3. jałmużna to zrozumiałe

4. post w czasie Ramadanu (miesiąc) od świtu do wieczora, a później można jeść podwójnie, a my z żona pościmy w środy i piątki w intencji pokoju na świecie od czasu wojny w b. Jugosławii. Wówczas nic nie jadłem...nawet na dyżurze w pogotowiu (kawa i woda)

5. obowiązuje pielgrzymka (1 x w życiu) do Mekki. Nigdy nie byłem na żadnej pielgrzymce (pieszej), bo najważniejsza jest codzienna Msza św.

   Jak ja mam krzyczeć o naszym Tacie (Deus Abba), Bogu Wszechmogącym (Omnipotens Pater), w Trójcy Jedynym!? Serce rozrywało pragnienie takie krótkiego zawołania, bo nie ma żadnego innego Boga oprócz Jahwe...tak pełnego miłości miłosiernej, dobra, sprawiedliwości, wolności i prawdy.

   Po wejściu do kościoła zauważyłem mój ulubiony dwumiesięcznik „Któż jak Bóg” ze św. Michałem Archaniołem na okładce. To jest jego zawołanie o naszym Stwórcy!

     Od Ołtarza św. popłynęły wstrząsające czytania (Ml 3, 13-20):

1. Pan Bóg przez proroka mówił do szemrzących, których nie brakuje także dzisiaj, a ich rozumowanie jest podobne, bo cóż daje daremny trud w służbie Bogu, pokucie, postach i chodzeniu w smutku. Szczęśliwi są zuchwalcy i wzbogaceni bezbożnicy...

2. Nadejdzie jednak czas ukazania różnicy pomiędzy „sprawiedliwym, a niegodziwcem, pomiędzy tym, który służy Bogu, a tym który Mu nie służy”...

3. Wszyscy „pyszni i czyniący nieprawość” są jak plewa, którą wiatr rozmiata...zostaną spaleni jak słoma i nic po nich nie zostanie.

   W tym czasie psalmista wołał (Ps 1, 1-2a.3. 4 i 6): „Szczęśliwy człowiek, który ufa Panu...jest jak drzewo zasadzone nad płynącą wodą /../, a wszystko, co czyni, jest udane."

   Do Eucharystii trwało kuszenie moją krzywdą zawodowa, ale nie byłem czujny i po powrocie do domu Belzebub podsunął mi „dzwonienie”. Zobacz efekt takiego kuszenie z uwagą, że po oddaniu sprawy w Ręce Boga nie wolno nic czynić ze swojej strony, bo to świadczy o braku zawierzenia.
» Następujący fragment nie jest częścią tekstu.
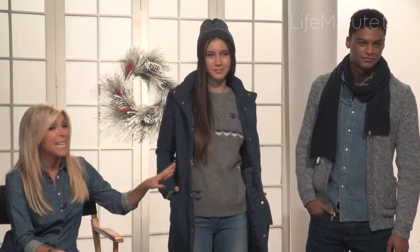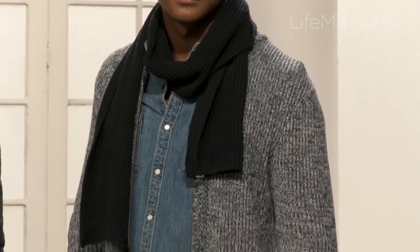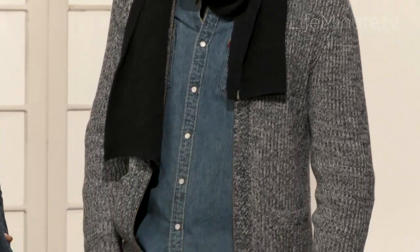So it will really last you through the season and many years to come. He's got this great zip-up sweater on. We paired it with denim on denim — classic shirt, the 511 jean. It's a little bit more of a slim cut. Great scarf around the neck. Very dashing for the holidays.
To wszystko ujrzałem po czasie i przepraszałem Boga Ojca:

- pomyliłem numer telefonu i zamiast do prezesa OIL połączyłem się z moim głównym krzywdzicielem, który awansował i jest dyrektorem WUM. Podałem nazwisko, a on zna mnie, ale nie wymienił swojego…

-  udało się połączyć z prezesem, ale na Ukrainie (koszt telefonu), bo okręgowa izba współpracuje z lekarzami sąsiedniego kraju (wycieczki na koszt lekarzy z woj. mazowieckiego). To i tak nie jest najgorzej, bo prezes mógłby odezwać się z Las Vegas.

- podczas boju w Sejmie RP (Arłukowicz + Kopacz z Radziwiłłem) połączyłem się z biurem poselskim szefa Sejmowej Komisji Zdrowia, który jako jedyny stanął w mojej obronie…

    Straciłem pokój, a dzień zaczął się tak pięknie z Bogiem Ojcem...

                                                                                                                       APEL

    Pasuje tutaj przeniesiony wpis (18.10.2009) z mojego blogu, który wymaga skasowania:

    "Tu Niebo. Tu  Niebo! Towarzyszu macie już mało czasu!" Mam natchnienie, aby otworzyć dla Ciebie Biblię…trafiłem na Mądrość Syracha:

       „O, śmierci jakże przykra jest pamięć o tobie

        dla człowieka  ż y j ą c e g o  s p o k o j n i e

        wśród swoich b o g a c t w:

        dla męża, który jest b e z t r o s k i

        i ma we wszystkim p o w o d z e n i e

        i który może jeszcze

        s m a k o w a ć   p r z y j e m n o ś c i”...

Nie wiem nawet, co powiedzieć, bo nawet Ks. Syracha napisała się jako Ks. Stracha...  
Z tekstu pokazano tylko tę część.